KIEL. Rund ein Jahr schmorten die Ergebnisse der Statuserhebung zur Arbeitsfähigkeit und Gesundheit der Landesbeschäftigten in ministeriellen Schubladen. Nun hat die Landesregierung von Schleswig-Holstein sie nun endlich dem Landtag vorgestellt. Danach sind zwei Drittel der Lehrkräfte unzufrieden mit der eigenen Arbeitsfähigkeit.
Wie steht es um die Arbeitsfähigkeit und Gesundheit der Landesbediensteten? Das wollte die schwarz-grüne Landesregierung mal wieder wissen (nach einer ersten Erhebung 2017/18) – und beauftragte das Institut für Qualitätssicherung in Prävention und Rehabilitation an der Deutschen Sporthochschule Köln, die Beschäftigten zu befragen. Besonderes Augenmerk wurde dabei auf den Schulbereich gerichtet. Tausende von Lehrkräften machten mit. Die Rücklaufquote lag bei 41 Prozent, sodass von Repräsentativität ausgegangen werden kann.

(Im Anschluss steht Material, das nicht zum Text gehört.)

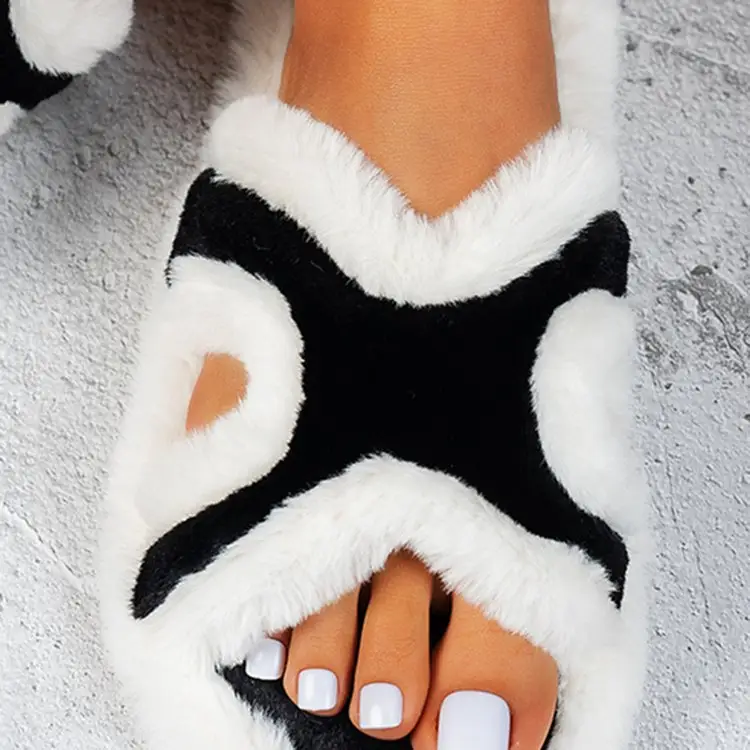 Cross-Border Amazon Open-Toe Winter Home Casual Fashion Cotton Slippers Large Size Open-Toe Furry Slippers Wholesale — feature 6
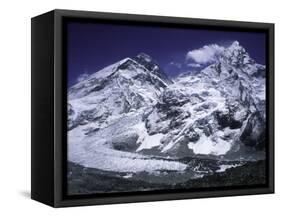 Mount Everest and Ama Dablam Seperated by a Glacier, Nepal-Michael Brown-Framed Stretched Canvas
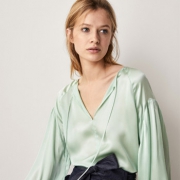 历史低价：Massimo Dutti 女装打结设计丝质罩衫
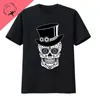 Herr t shirts skalle med svart blomma hatt bomull t-shirt miles morales topp y2k t-shirts camiseta hombre sommar män kläder casual mönster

Offenbar fielen die Ergebnisse so schlecht aus, dass die Landesregierung Zeit benötigte, um sie zu verdauen. Laut GEW lagen die Resultate bereits seit über einem Jahr vor, bevor die Landesregierung sie nun veröffentlichte. „Die Schulleitungen wurden über die Ergebnisse informiert, die Kollegien aber nur teilweise. Oft wurde über, aber nicht mit den Kolleg*innen gesprochen. Gute Schule funktioniert aber nur auf Augenhöhe!“, so schimpft die GEW-Landesvorsitzende Kerstin Quellmann.
Tatsächlich zeichnen die Ergebnisse ein eher düsteres Bild:
- 42 Prozent der Befragungsteilnehmenden aus den allgemeinbildenden Schulen gab eine gute bis sehr gute Arbeitsfähigkeit an, 76 Prozent schätzen ihre Gesundheit mit gut bis ausgezeichnet ein, 64 Prozent gaben an mit ihrer Arbeit (sehr) zufrieden zu sein und 34 Prozent haben in den vergangenen 12 Monaten fünfmal oder häufiger erkrankt gearbeitet (kritischer Präsentismus).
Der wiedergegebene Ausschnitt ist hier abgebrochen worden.